What We Talk About When We Talk About Iran

How is Iran framed by the media? Is it the nuclear Iran, the religious Iran, or the oil-rich Iran? The contemporary Iran flourishing with cinema or the ancient empire of Persia?

It goes without saying that global media perceptions of Iran are multivalent, myriad, and always evolving. To investigate those perceptions, in all their complexity, is a task for computational journalism. By looking at both what Iran-related topics are covered in the media and how the proportional relationship of those topics changes in time, computers can model the macro-level trends which might give insight into media biases, patterns, or anomalies. So in the spirit of inquiry, the Chartbeat Data Science Team tried to answer our original question, “How is Iran framed by the media?” with some good, old-fashioned computational analysis.

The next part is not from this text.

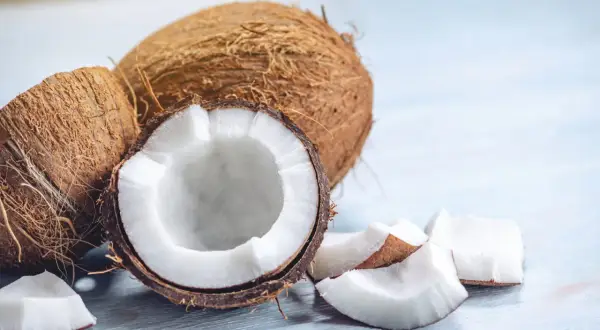 Noix de coco entières et coupées, révélant leur chair blanche et leur peau fibreuse. Des morceaux de noix de coco sont dispersés autour.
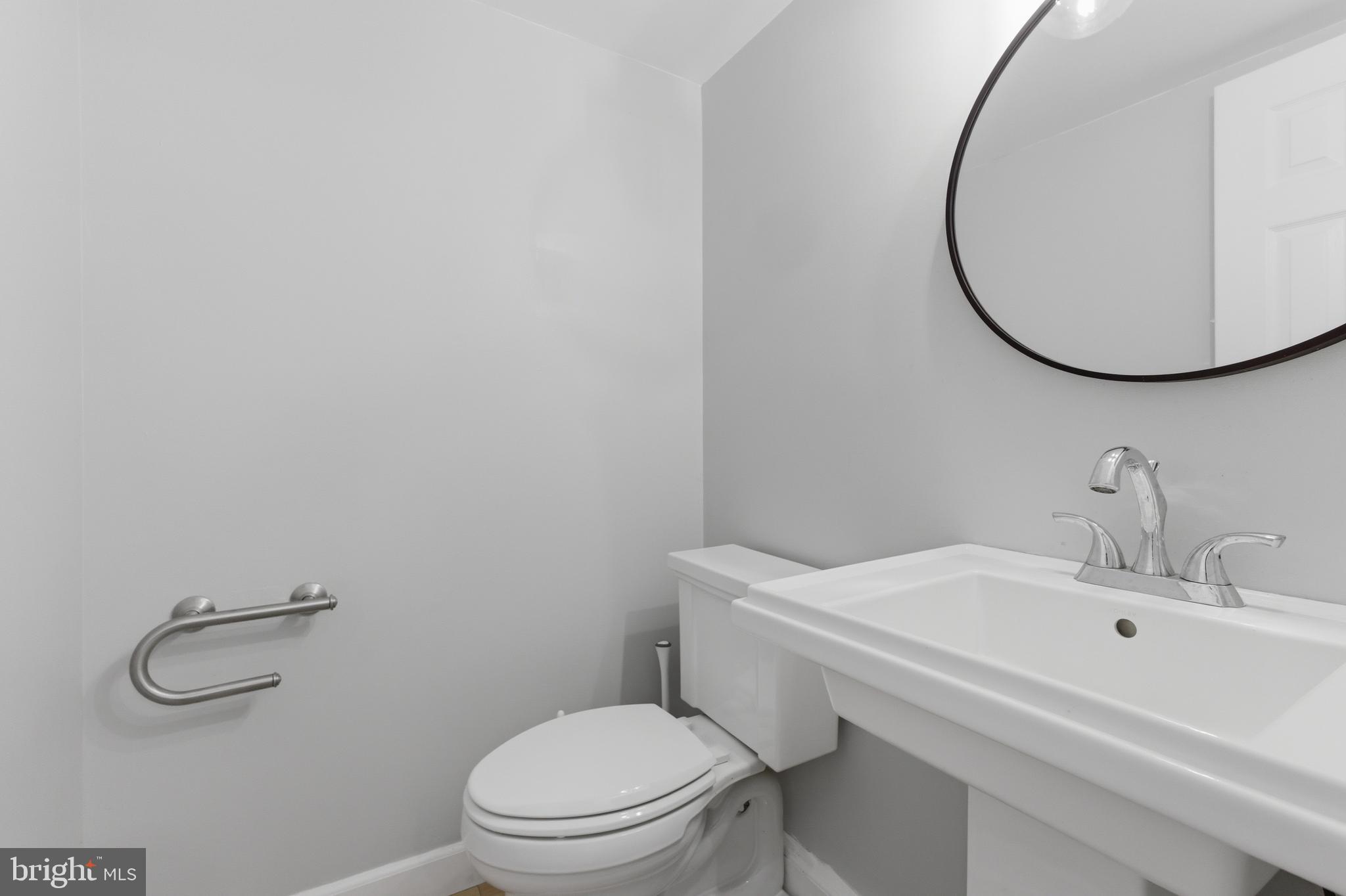 13601 Pendleton Street Fort Washington, MD 20744 - Photo 17 of 50 a bathroom with a sink mirror and toilet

We took a corpus of 5000 articles published between August 21st and October 28th by 16 major media outlets (Note: none of this analysis uses those publishers’ Chartbeat data, only the words on their article pages). Picking articles that contained named entities including “Iran,” “Iranian,” “Persia,” or “Persian,” we then searched for trends in two capacities: temporal and topical.

Temporal

You might assume that coverage of Iran is timed at random. Some current event transpires and that event precipitates a media response. This is far from the case. Fluctuations in daily article count are informed by several time-based patterns, including:

  1. The slow-varying nature of news media production objectives
  2. The cyclical nature of week-to-week reporting
  3. The spiking nature of breaking news

In practice, this means that the number of articles might vary either because news organizations generally write a certain number of articles about Iran per month, because news organizations produce more articles on certain days of the week, or because something newsworthy has transpired in the Middle East. So, if we were to understand how many articles were published about Iran on a given day, it is important to break up that information into the graphs.

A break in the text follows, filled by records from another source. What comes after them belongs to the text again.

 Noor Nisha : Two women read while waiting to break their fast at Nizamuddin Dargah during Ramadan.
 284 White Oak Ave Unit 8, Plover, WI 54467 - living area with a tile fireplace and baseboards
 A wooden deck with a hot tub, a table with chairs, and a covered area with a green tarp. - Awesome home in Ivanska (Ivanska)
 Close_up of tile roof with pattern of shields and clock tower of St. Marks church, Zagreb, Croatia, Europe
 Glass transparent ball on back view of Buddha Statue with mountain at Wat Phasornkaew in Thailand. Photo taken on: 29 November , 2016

The first graph corresponds to slow-varying production objectives, the second to cyclical pattern, and the final to breaking news items. You can see that this final graph is highly volatile. Some of the possible events which could explain that volatility are:

Now that we’ve mapped articles by temporal pattern, we can explore the topics that populate these articles and the proportions of those topics in global coverage.

Topical

Doing a topical analysis of content requires a good deal of math. For those of you interested, read on; those who don’t love applied statistics can just skip to the graph. We use Latent Dirichlet Allocation (LDA) to efficiently uncover essential statistical relationships that are useful for clustering, event detection and summarization. LDA models each article as a finite mixture of latent topics, where each topic is a distribution over words. It is a generative model: a document — a bag of words — is created by initially sampling an overall topical distribution. Each word in the document is then selected by first sampling a topic from this distribution, and then sampling a word from the topic-word distribution. Given a document, we can use Bayes’ rule to explicitly represent the document by its topic proportions. All that math results in this graph:

This graph illustrates the topics most commonly discussed in any article in our corpus whose subject matter is Iran. That is to say, for example, more media coverage of Iran in the time period of research focused on U.S. foreign policy than the proliferation of ISIL. But not all topics are created equal.

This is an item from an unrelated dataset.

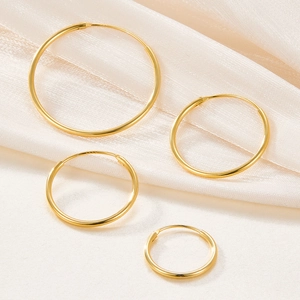 Polished gold 925 sterling silver hoop earrings in four sizes on silk fabric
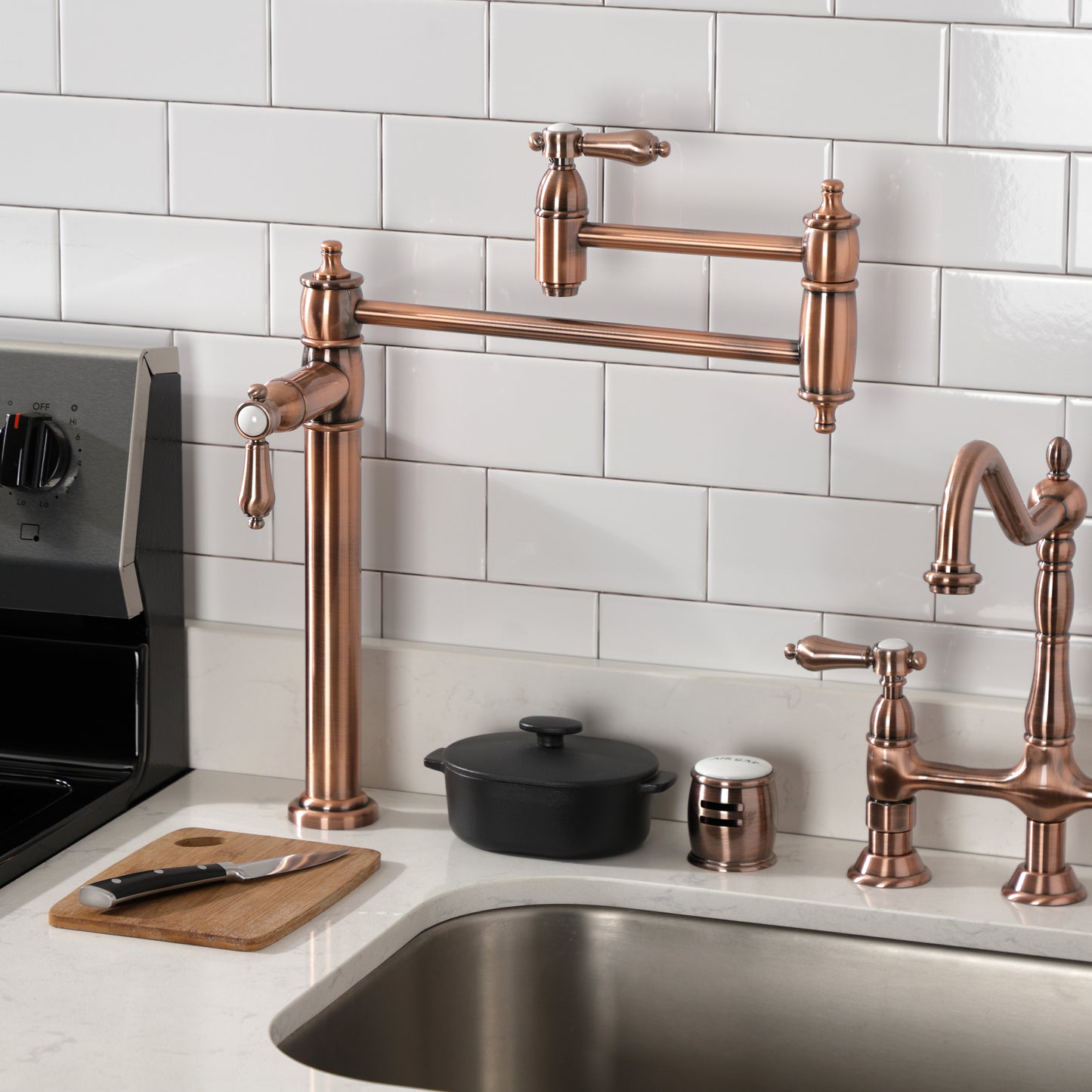 Kingston Brass KS3703BAL Heirloom Deck Mount Pot Filler Faucet, Antique Brass showcased on a kitchen countertop.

Some of these topics have high entropy and some have low entropy, meaning some topics are more specific than others. Most, if not all, articles about the Iran Agreement concerned exactly that — JCPOA. Other topics like Immigration & Refugees concerned different aspects of Iran and its relationship to immigration. “Iran Agreement” has low topic entropy and is more specific; “Immigration & Refugees” has higher entropy and is less specific.

Temporal meets Topical

Now that we’ve analyzed this corpus both with respect to the temporal patterns by which they were published and the topical concerns about which they were written, we can draw some conclusions and answer our original question more definitively. By combining temporal and topical patterns, we can answer questions like “When is the most popular times to write about Iranian culture?” or “Which Iranian-related breaking news items generate the most coverage?”

This first graph maps high-entropy (more vague) topics by date:

These graphs map low entropy (more specific) topics by date.

Looking at these graphs, you can see that discourse changes radically over the course of a few months — even though roughly the numerical output of articles was pretty much constant from month to month. August through to mid-September was dominated by American legal coverage of the JCPOA. From then on, Iran’s relationship within Russian-Syrian affairs dominated. In addition, we are able to isolate two Russia/Syria coverage peaks on October 1st and 8th corresponding to a series of Russian air strikes and heavy fighting in Raqqa and Aleppo, during which Iranian military officials were killed.

So, if you want to know how the media framed Iran from August through October, look no further.

Conclusions

Clearly, Iran pops up in media coverage both where you’d expect it to and where you might not. Although you might assume that the US Congress’s passage of the Iran Agreement accrued the most coverage in the past four months, it did not. In fact, articles concerning Russia & Syria more commonly cited Iran.

More broadly, this study can give journalists and data analysts alike into the importance of contextualizing data. This study comes down to context. Whether topical or temporal, the data illuminates huge issues in novel lights. But without any context — or even without the correct context — we are forced to rely on assumptions and guesses.